London based metalcore mob High Rise have been making moves these last few years. Not only have they put out a string of solid material with 2015’s ‘Tides Will Tell You’ and the 2016 follow-up ‘Left It For Everything’, they’ve earned themselves a string of spots on big stages alongside fellow big movers Bad Omens, Our Hollow Our Home and the greatly missed Create To Inspire. With bigger stages in their cross hairs and greater goals on the horizon, 2019 sees them release their brand new EP ‘Endeavours’ – an explosive and punchy offering showing that the quintet still have plenty of tricks up their sleeves.

If you like bands such as While She Sleeps, Underoath and Beartooth, you’ll love this EP. All the most cherished characteristics of the genre have been woven together to create five songs bursting with energy, emotion and ambition. For a taste of the energetic side of the band, check out the raucous opening track ‘My Solitude, Your Hope’, crammed full of mosh-worthy riffs and infectious bouncy choruses. ‘Haunting Me’ is a hefty dose of the same, displaying an ever so slightly darker side to the vibe in the riffs as the drums rapidly tear through them.

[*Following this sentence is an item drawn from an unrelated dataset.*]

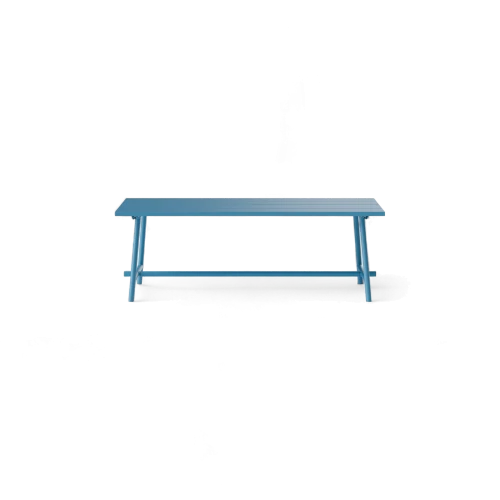 Fred’s Dining Table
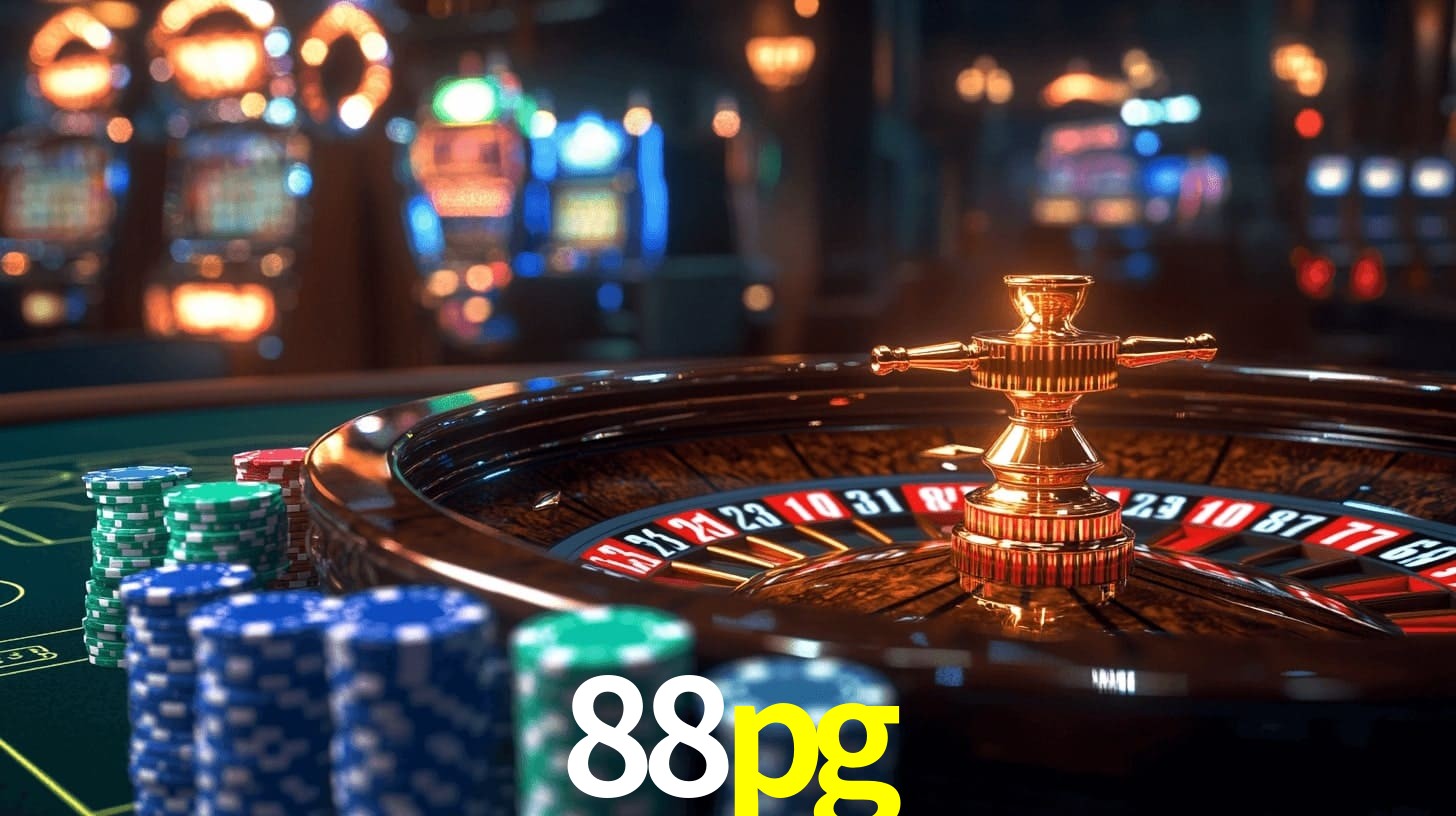 88pg bet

The lighter side of the EP shows the most promise here, though, with the songwriting at its most proficient and powerful. ‘Ghosts In My Mind’ is a wrecking ball of both gigantic guitars and emotion, the hits becoming more powerful with every single swing. The real show stopper of the EP is the title track – a gently swaying, distorted lullaby showing a band that are really finding their feet. The way the song rises and falls is superb, packed with enormous hooks and immediately catchy vocals. The strength of this song alone is worth listening to the EP for. High Rise may not be a name you’re familiar with, but it might not stay that way for long.

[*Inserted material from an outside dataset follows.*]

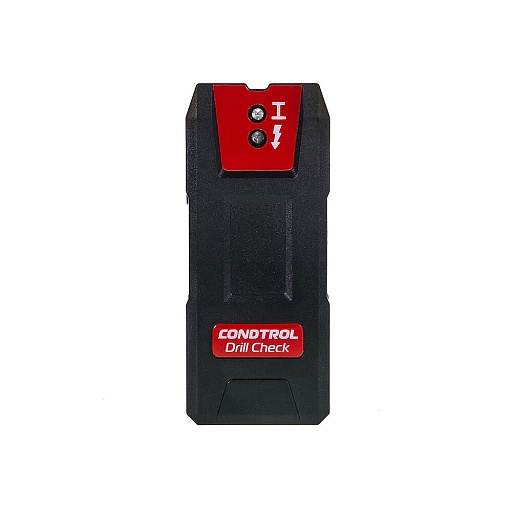 Детектор скрытой проводки Condtrol Drill Check (3-12-025)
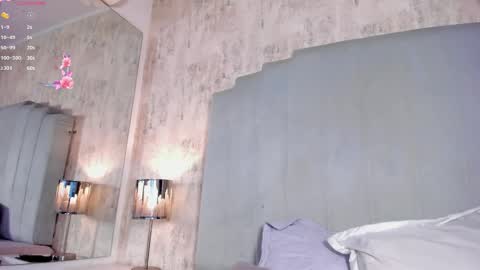 shanty_cole online show from 21, 5, 2026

‘Endeavours’, although short, shows various sides to a band with heaps of potential. The songs are well written, all flowing smoothly with no riffs or sections feeling like they’re out of place. The guitars are punchy, the drums are powerful and the vocals are both ferocious and catchy. The only real downside is that there’s nothing groundbreaking here. All the songs, as great as they are, don’t really push the envelope or bring anything new to the table, and a lot of the ideas sound recycled or borrowed from other bands. That said, it’s not necessarily a bad thing. They’re wearing their influences proudly, and the strength of the execution on display throughout this EP is carving out a very promising path forwards for them. They clearly have strong songwriting chops and talent in troves. With a little sprinkling of originality and identity, High Rise could very well find themselves on those bigger stages sooner rather than later.